The task →
Set down a faithful copy of every record below, with no images.

Collected data entries →
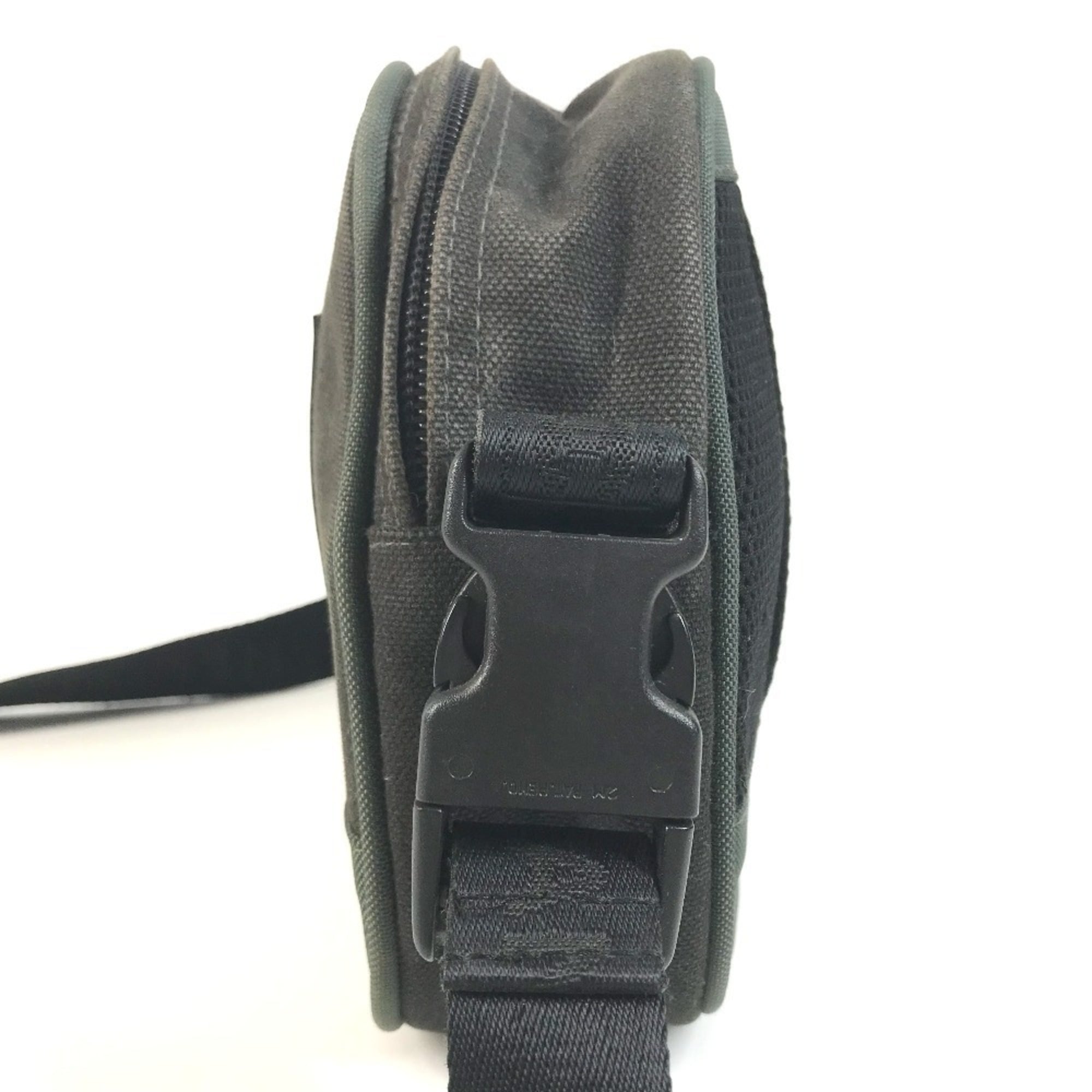Chanel Black Khaki Canvas Pochette Shoulder Bag (Pre-Owned)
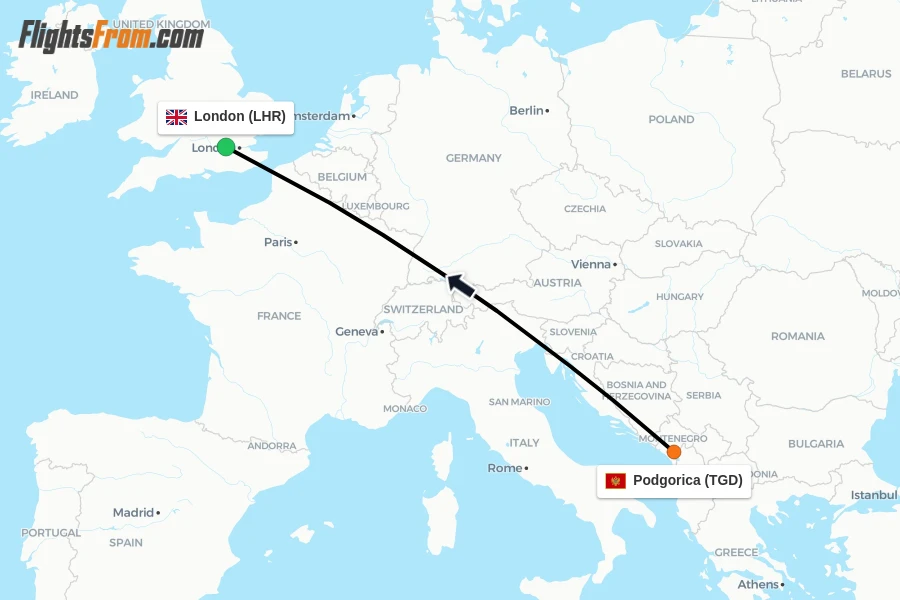 Flights from Podgorica to London route map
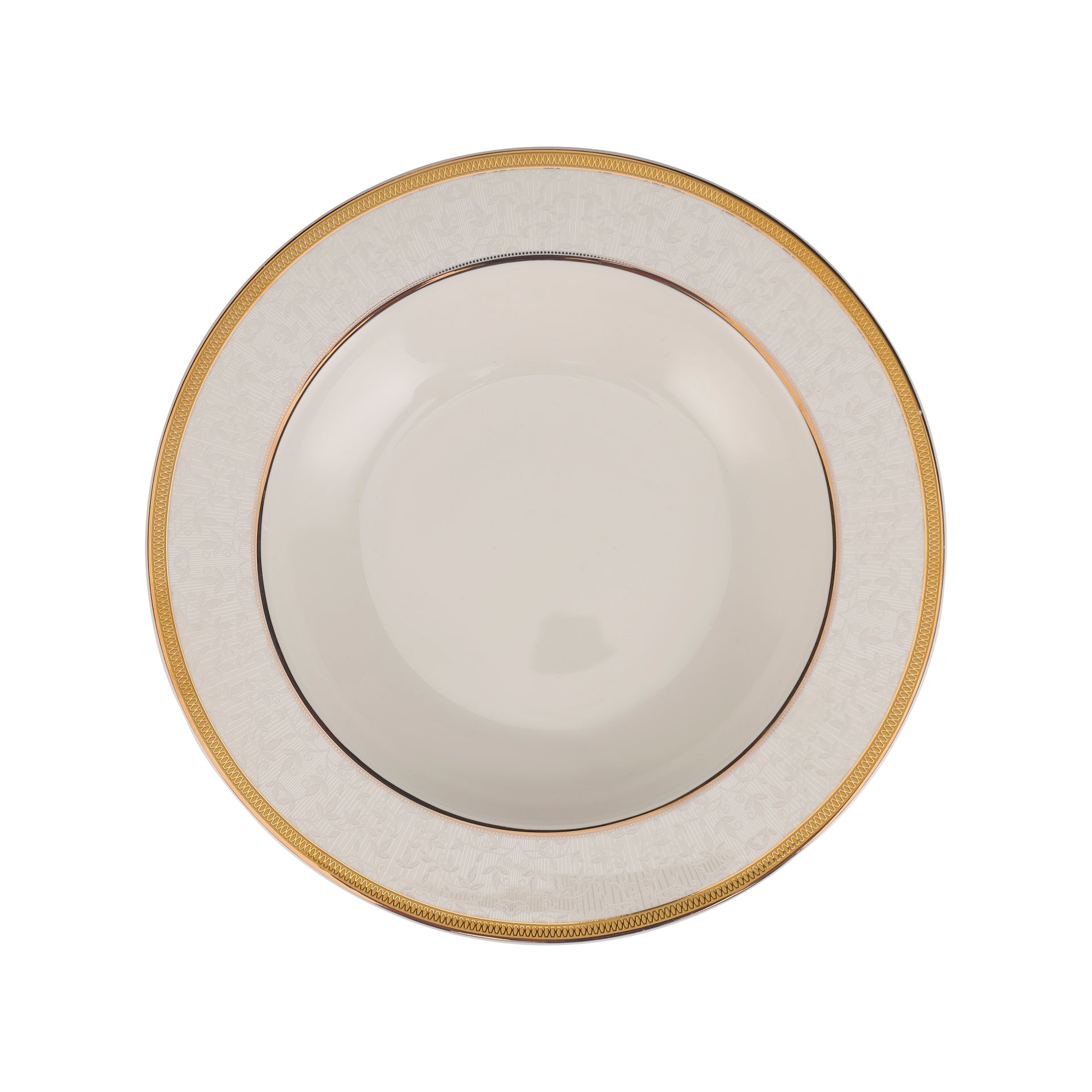Premium New Bone Plates, 9" Soup Plate, RF11052 | Round Shape Plate with Elegant Golden Border | Ideal for Soup, Desserts, Ice Cream, Dinner, Lunch, Breakfast, Parties & More White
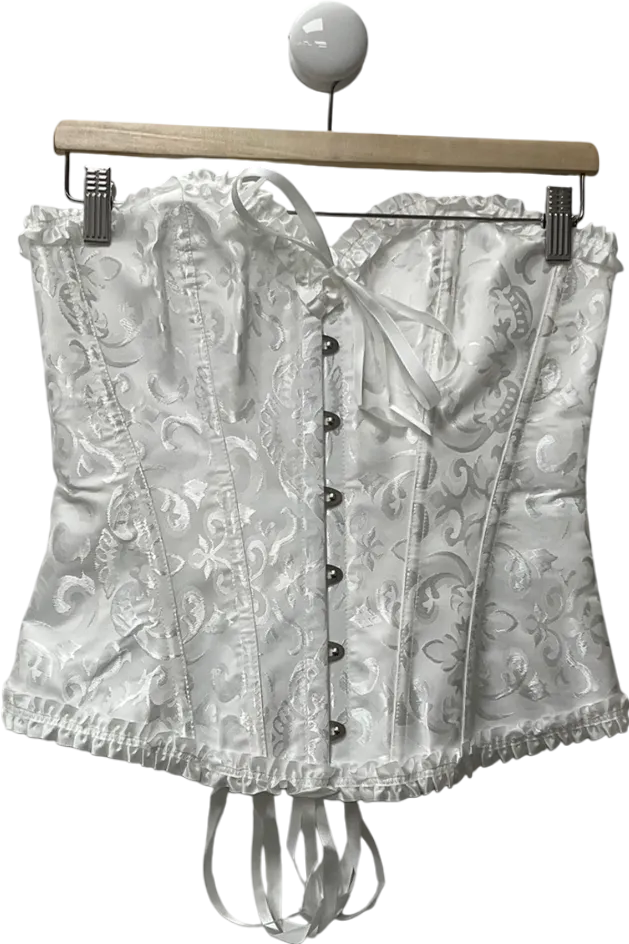 SHEIN White Palace Corset Top, Tight-fitting Abdominal Body Shaper Bustier & Thong UK L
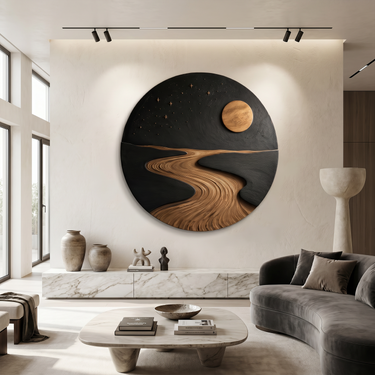 Modern Moon Landscape Wall Art For Living Room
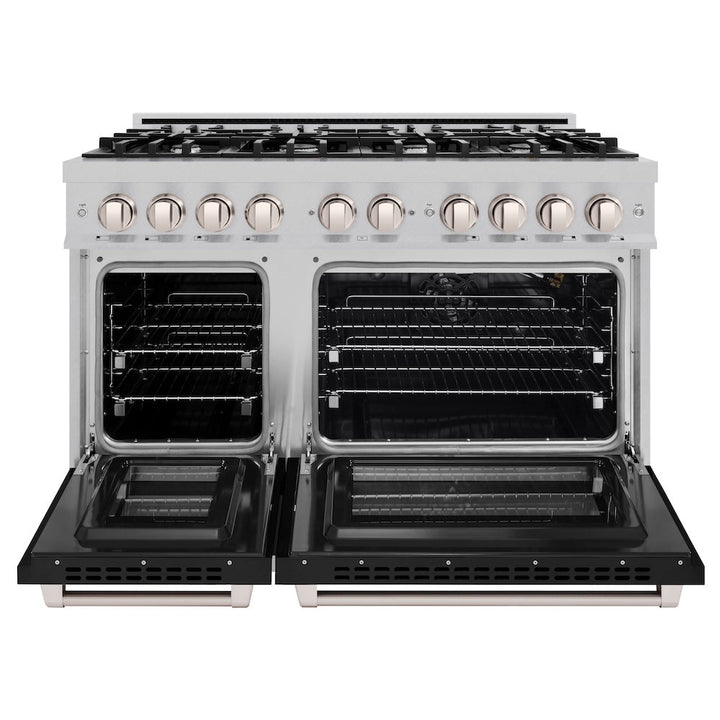 ZLINE 48 in. 6.7 cu. ft. Select Double Oven Gas Range with 8 Burner Cooktop in Satin Stainless Steel with Black Matte Doors, Open Box-Excellent Condition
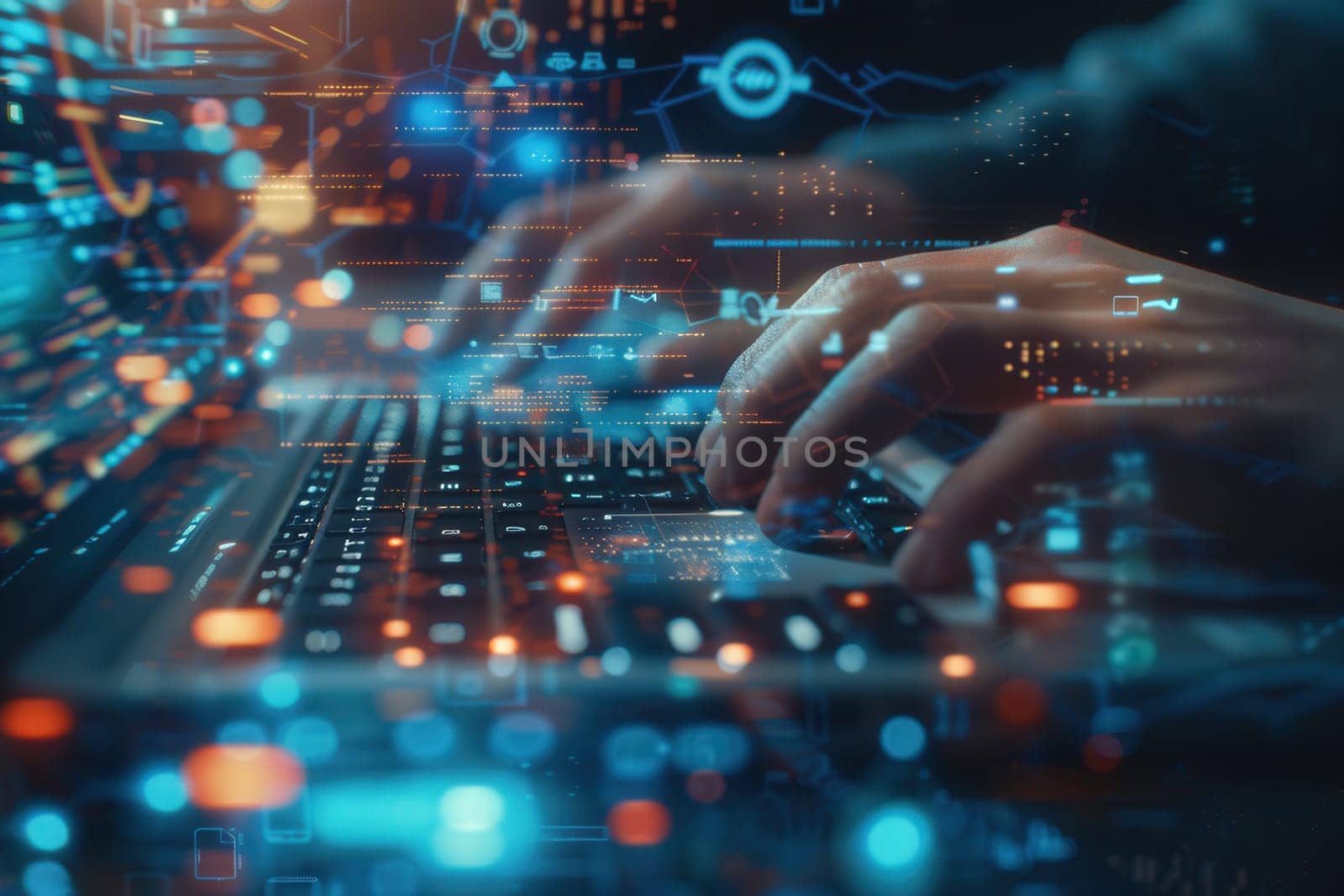 A hacker's hands move swiftly across the keyboard, surrounded by glowing digital symbols and coding elements that convey a sense of high-tech activity.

Response →
Chanel Black Khaki Canvas Pochette Shoulder Bag (Pre-Owned)
 Flights from Podgorica to London route map
Premium New Bone Plates, 9" Soup Plate, RF11052 | Round Shape Plate with Elegant Golden Border | Ideal for Soup, Desserts, Ice Cream, Dinner, Lunch, Breakfast, Parties & More White
 SHEIN White Palace Corset Top, Tight-fitting Abdominal Body Shaper Bustier & Thong UK L
 Modern Moon Landscape Wall Art For Living Room
 ZLINE 48 in. 6.7 cu. ft. Select Double Oven Gas Range with 8 Burner Cooktop in Satin Stainless Steel with Black Matte Doors, Open Box-Excellent Condition
 A hacker's hands move swiftly across the keyboard, surrounded by glowing digital symbols and coding elements that convey a sense of high-tech activity.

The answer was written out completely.